Patty Silverstein is President of Development Research Partners, a professional research firm based in Jefferson County that works with businesses and governments throughout Colorado to help identify trends, fiscal economic impact analysis and strategic business opportunities.

In Silverstein’s view, there’s no sugarcoating what happened to our economy in 2009. For the first time since 1938, personal income growth was negative (-2.5%) in the seven county Denver metro area. Retail receipts were down 11.1%, home sales were down 12%, and the region lost more than 55,000 jobs, many of which will not return.

2009 was also the worst year on record for residential real estate construction, with just 3,300 new homes being built. By comparison, the seven-county Denver metro region has averaged more than 17,000 new homes per year since 1980. (Taking new construction offline isn't necessarily a bad thing for existing homeowners, who no longer have to compete with builders)

The sum total of this contraction will be significantly reduced tax receipts, which will cause systemic shortfalls in tax revenue for quite some time. Government functions from public schools and police departments all the way down to animal control and street sweeping will face serious cuts in the years ahead.

The upside for Denver? Massive investments by Vestas Wind Energy and commitments from six different Vestas suppliers to set up operations in Colorado, as well as the progress being made with the Conoco-Phillips new energy campus in Louisville, which will begin operations in 2011.


As Vice President for the Metro Denver Economic Development Council, Tom Clark has one job – to recruit new businesses to the Denver metro area. Over the past seven years, Clark has helped to recruit the headquarters of over 40 corporations to Denver.

What does he see today? Clark calls it a “perception gap”.

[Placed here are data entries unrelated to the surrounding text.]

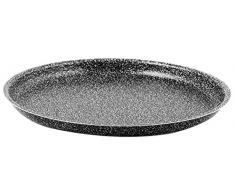 Home Stone Moule Ã Pizza Rond, AntiadhÃ©rent, Pierre, Anthracite, 36 cm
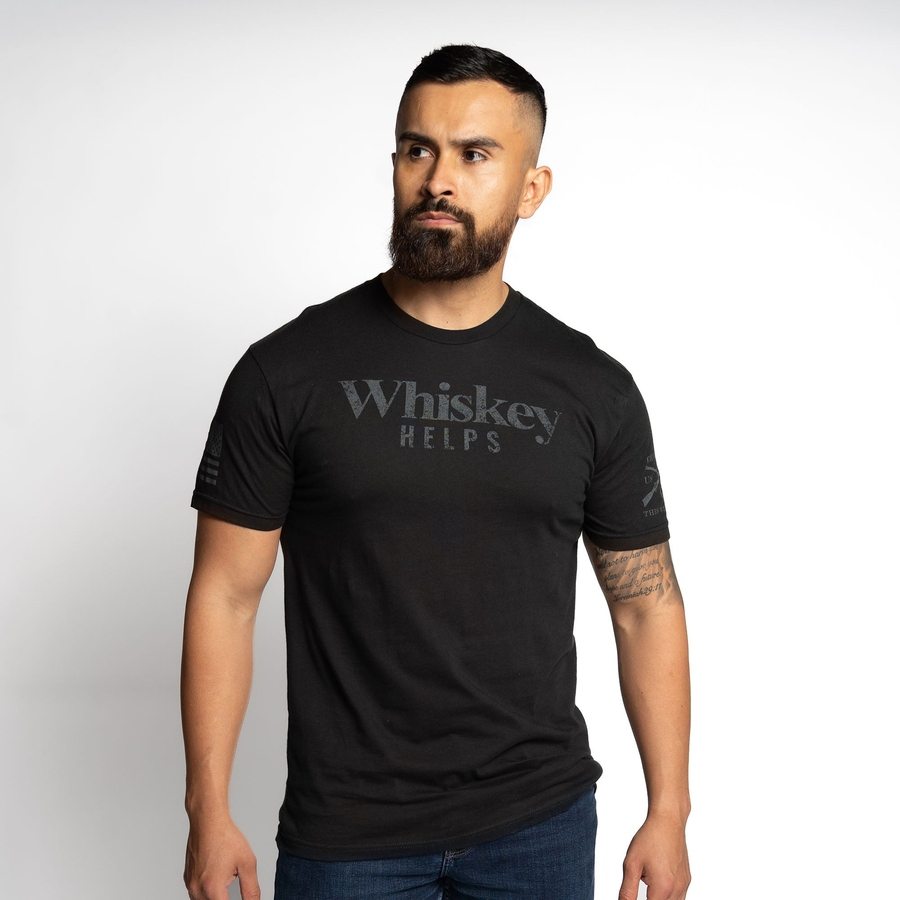 Whiskey Helps™ T-Shirt - Black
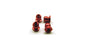 CLN13615 Low Roll Center Balls, Red (4)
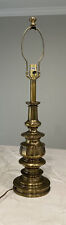 Vintage Stiffel Heavy Brass Table Lamp 29.5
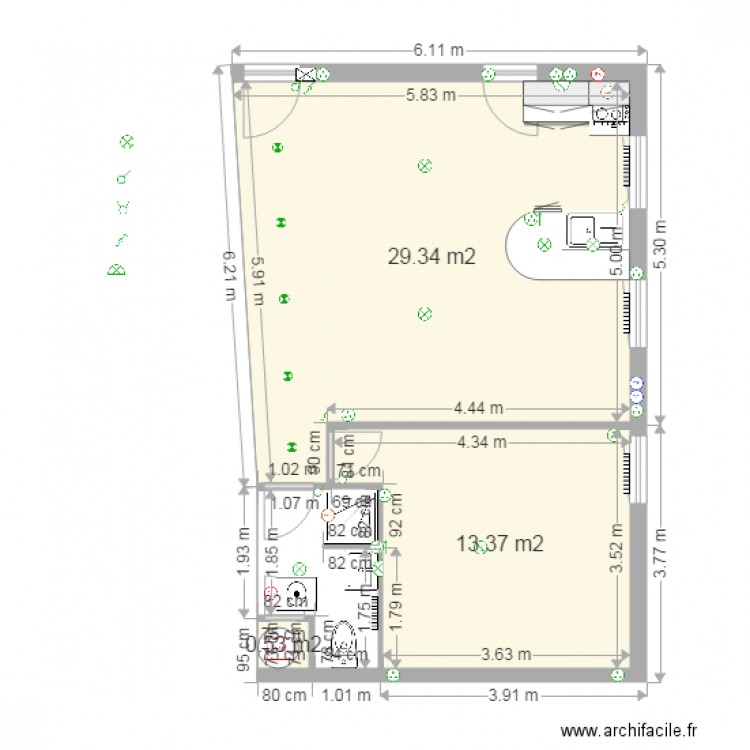 PUB  2G V5. Plan de 0 pièce et 0 m2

“People hear that things are great in Denver, and we are attracting thousands of new residents, many from California," Clark said. "But the reality is that things are not as good today as they were three years ago. It’s simply that things are so much worse in other places.”

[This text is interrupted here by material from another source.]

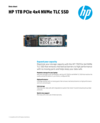 HP 1TB PCIe 4x4 NVMe TLC SSD (English)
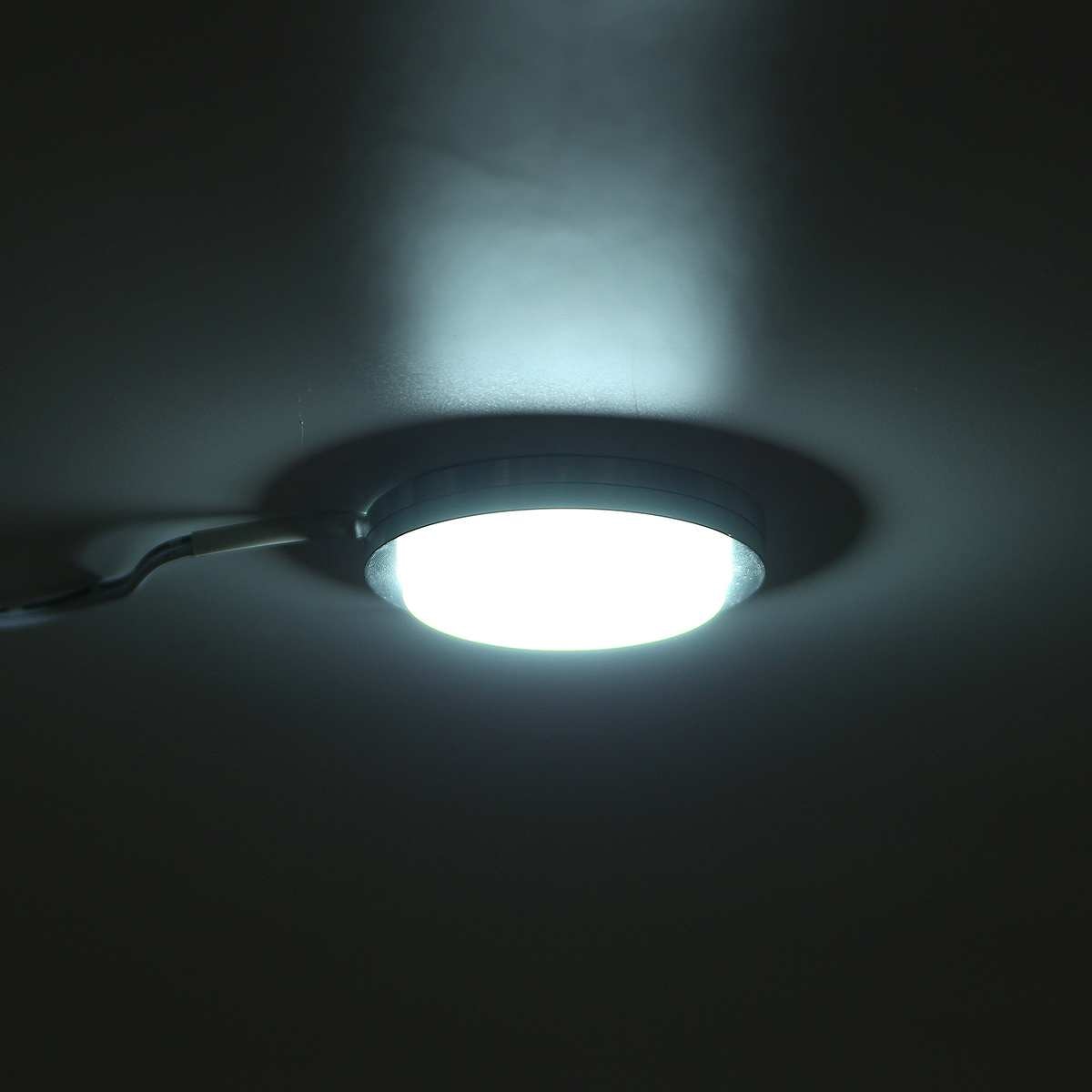 Caravan Interior Downlights Under Cabinet Recessed Spot Light Dome 4/6pcs 18LED Ceiling Lamp for Boat RV Camper Kitchen Showcase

Clark says the Democratic National Convention did open Denver up to the world in 2008, and there is unprecedented international attention from corporations interested in possible relocations. The “new energy economy” will be a primary driver of growth, with both Denmark-based Vestas and Germany-based SMA (the world’s largest manufacturer of solar inverters) bringing jobs and international focus to Colorado.

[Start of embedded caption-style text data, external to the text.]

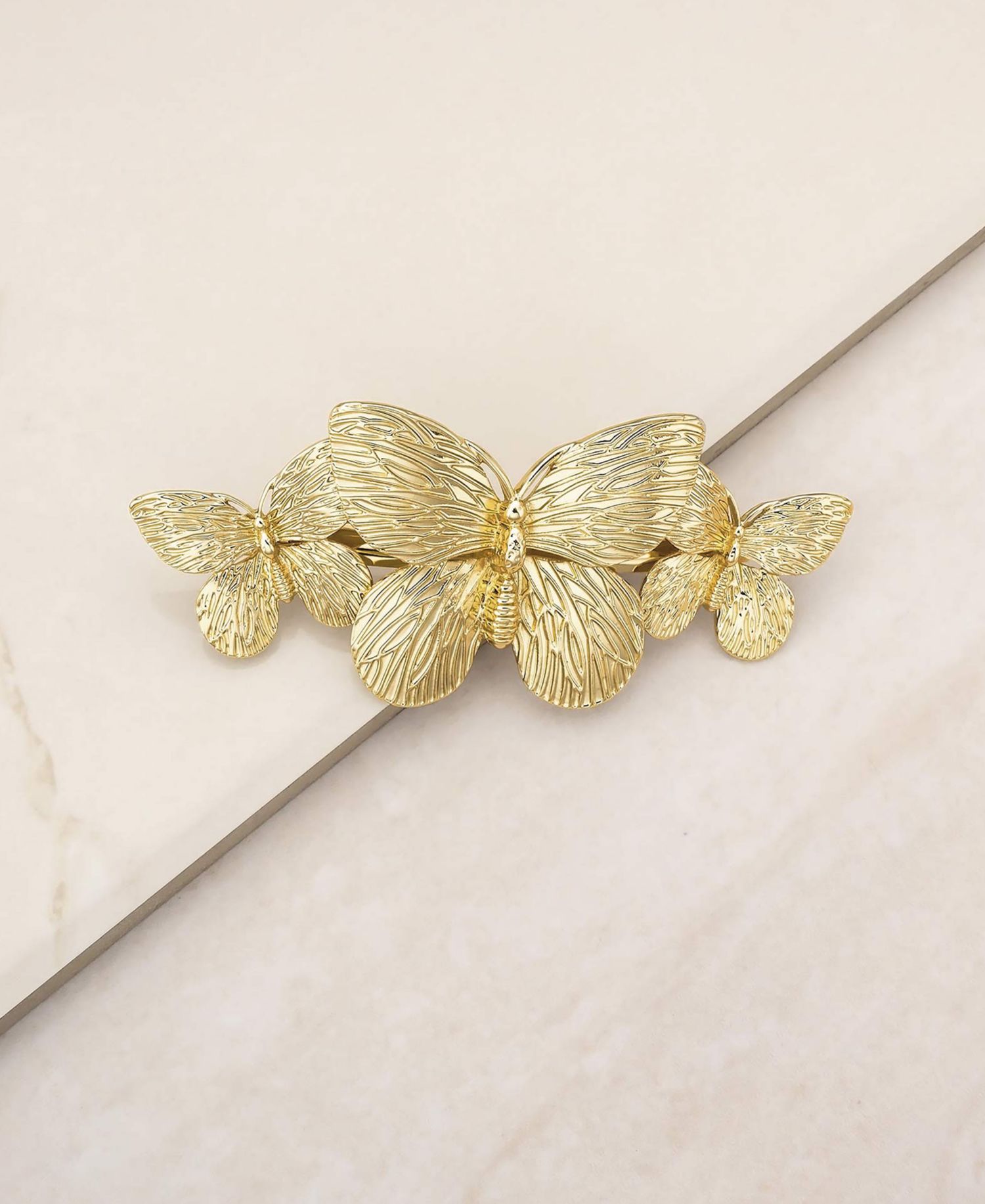 Gimme Butterflies Gold-Tone Hair Clip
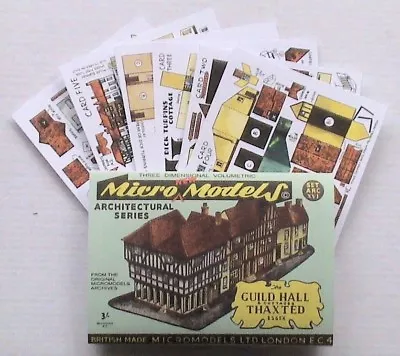 Micromodels GUILD HALL THAXTED ESSEX SET ARC XVI Micro New Models Card Model Kit • £6.75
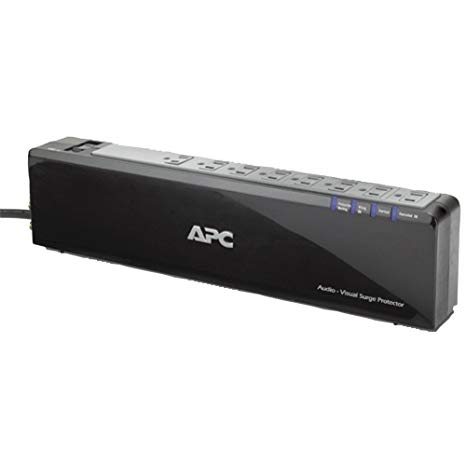 APC P8V Surge Protector 8-Outlet Premium Standard 3400 Joules W/ 10 Power Cord Electronics Computers Accessories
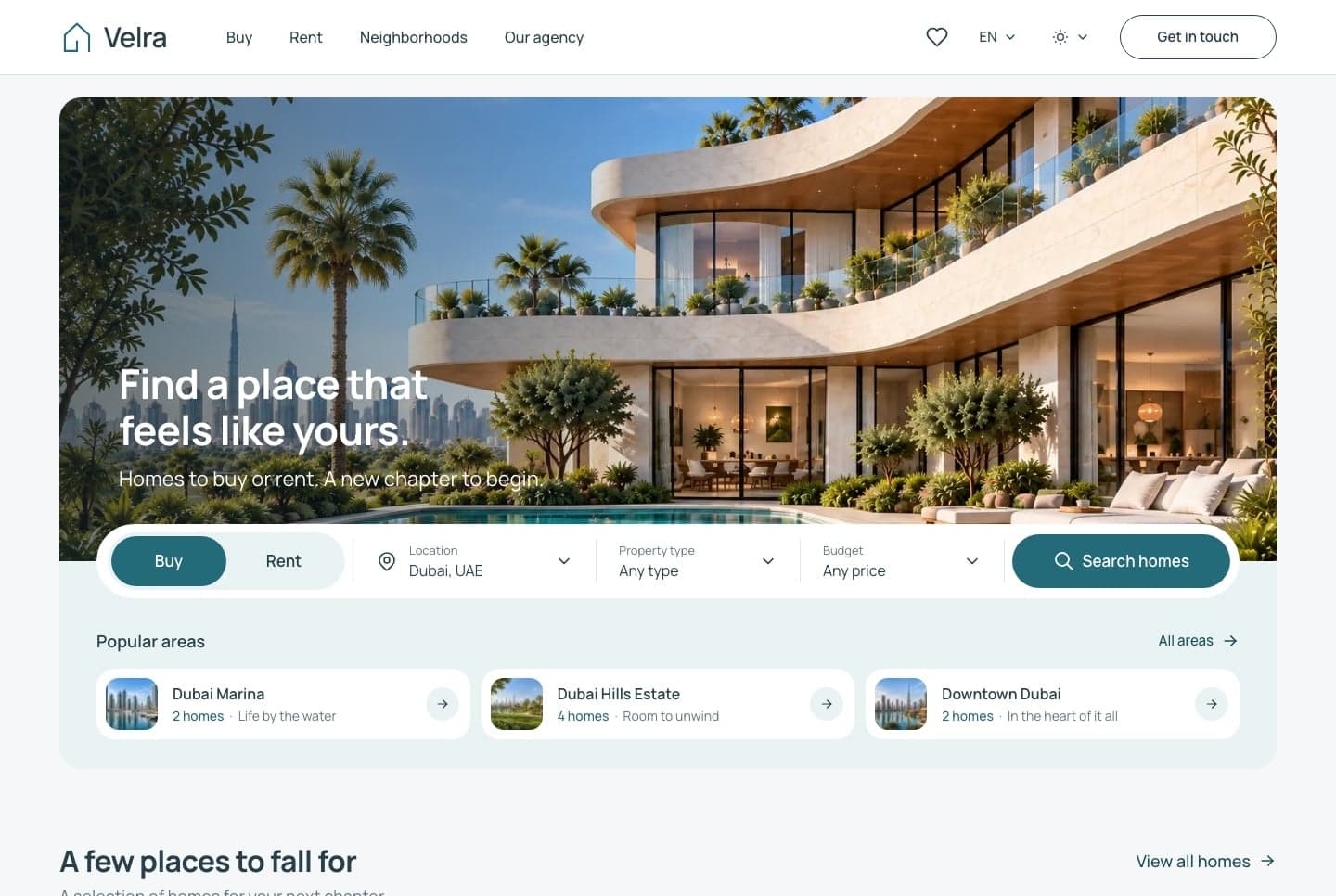 Next.js Real Estate Template with Agency Dashboard and AI Staging - Next.js Next.js Real Estate Templates template preview - Aniq-UI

Clark’s biggest challenge today? Working with DIA to attract at least one direct, non-stop flight from Luxembourg and Tokyo, so corporate CEOs and senior managers from Germany and Japan can have easier, direct access to Denver.


While the Denver metro region saw foreclosure filings fall by 12% last year (an exceptionally strong performance in light of last year’s economic challenges), Westfall says that job losses and national economic conditions are going to keep the foreclosures coming for the foreseeable future.

Working closely with some of the nation’s largest holders of mortgage loans, such as GMAC and Fannie Mae, Westfall says that executives in those companies are bracing for another rough year in 2010.

With statistics showing that 78% of modified loans go back into foreclosure within 12 months, Westfall says that many homes that would have ended up in foreclosure in 2009 are simply being pushed off into 2010.

And consistent with a theme that’s been running in this blog for the past year, the foreclosure problem is creeping up into higher price points while the lower end of the market is tending to solidify.

Citing a 58% increase in his average REO sales price in 2009, Westfall points to the surge in foreclosure filings in higher-end markets like Boulder (+36% in 2009), Arapahoe County (+15%) and Broomfield (+11.8%) as evidence that values are now eroding at the higher price points.

“A year ago, I started telling everyone I know to buy rental properties,” Westfall said.

As the nation’s homeownership rate continues to decline and more former owners become renters, that may not be bad advice.